Source data:
= Beginning of Section =
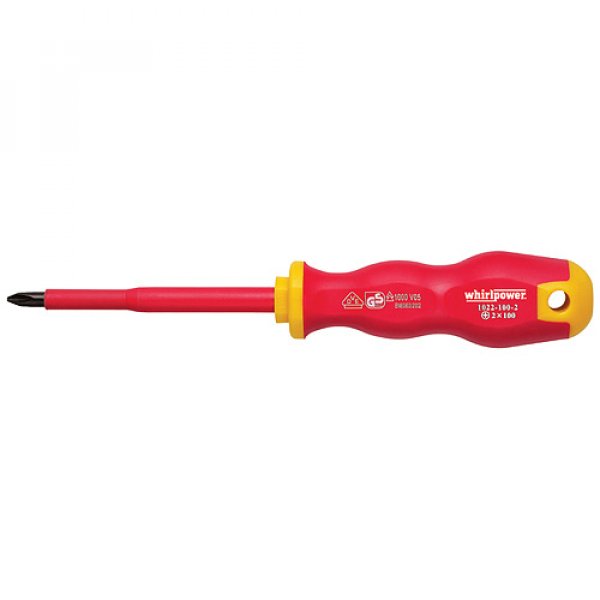 Skrutkovač Whirlpower® 1023, PZ1/080 mm, Pozidriv, DIN8764, VDE 1000, elektrikársky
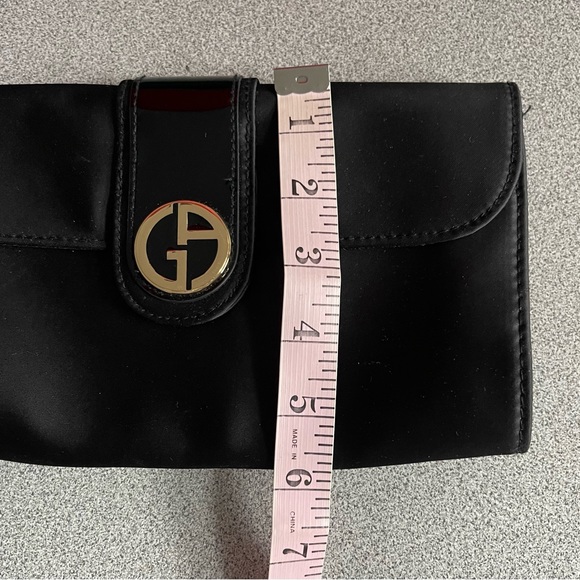 Vintage Giorgio Armani Perfume Black Satin Clutch Bag - Picture 10 of 13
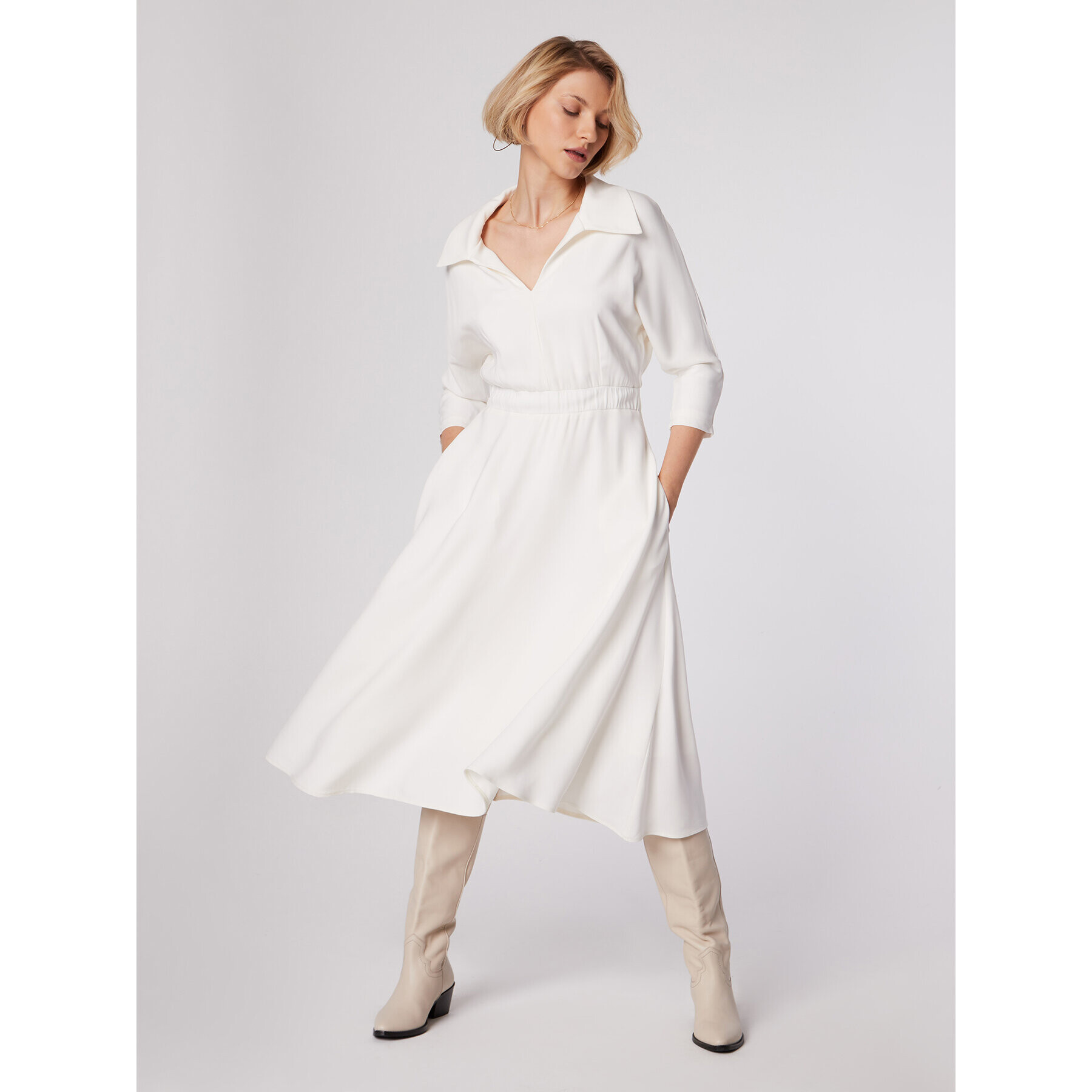 Simple Ежедневна рокля SUD518-01 Бял Regular Fit - Pepit.bg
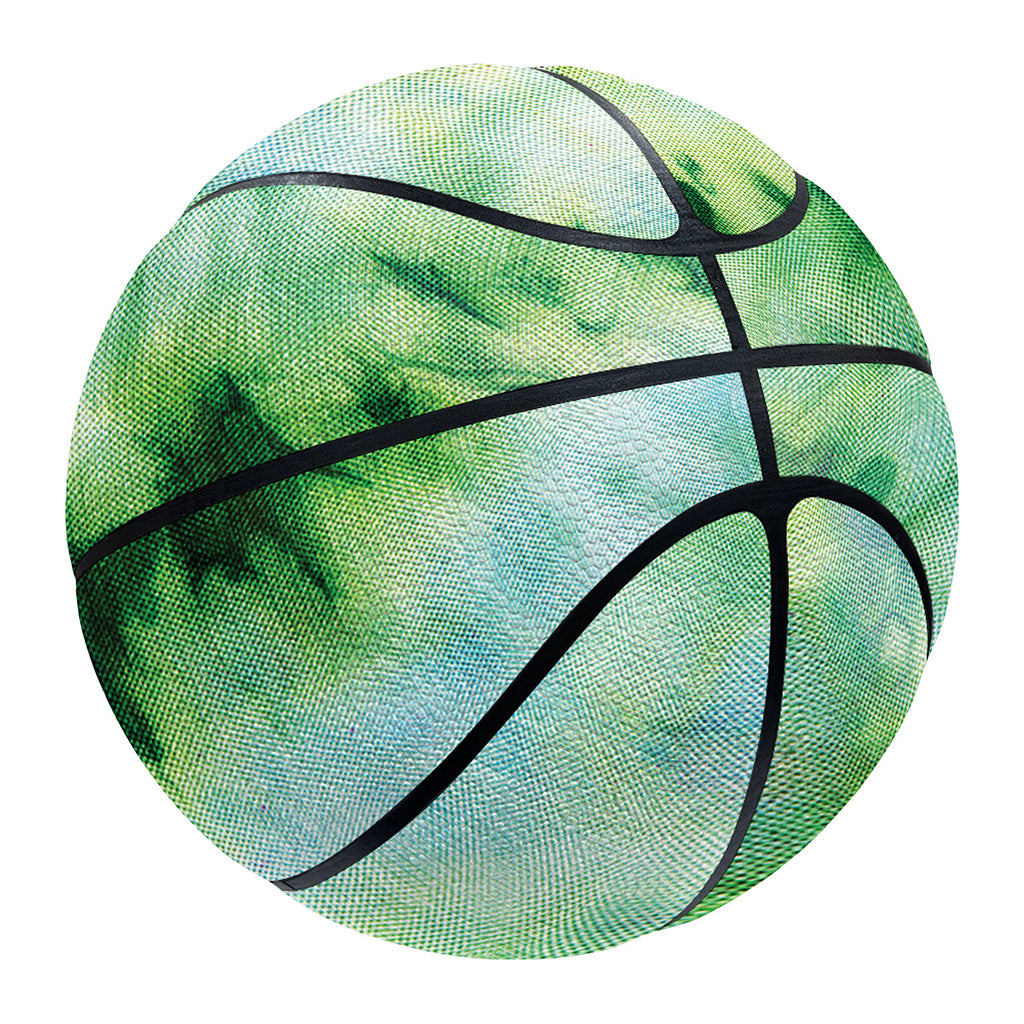Green And Black Acid Wash Tie Dye Print Basketball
= End of Section =
Task directions:
The answer is the full listing above, reproduced character for character, minus its images.

Response box:
 Skrutkovač Whirlpower® 1023, PZ1/080 mm, Pozidriv, DIN8764, VDE 1000, elektrikársky
 Vintage Giorgio Armani Perfume Black Satin Clutch Bag - Picture 10 of 13
 Simple Ежедневна рокля SUD518-01 Бял Regular Fit - Pepit.bg
Green And Black Acid Wash Tie Dye Print Basketball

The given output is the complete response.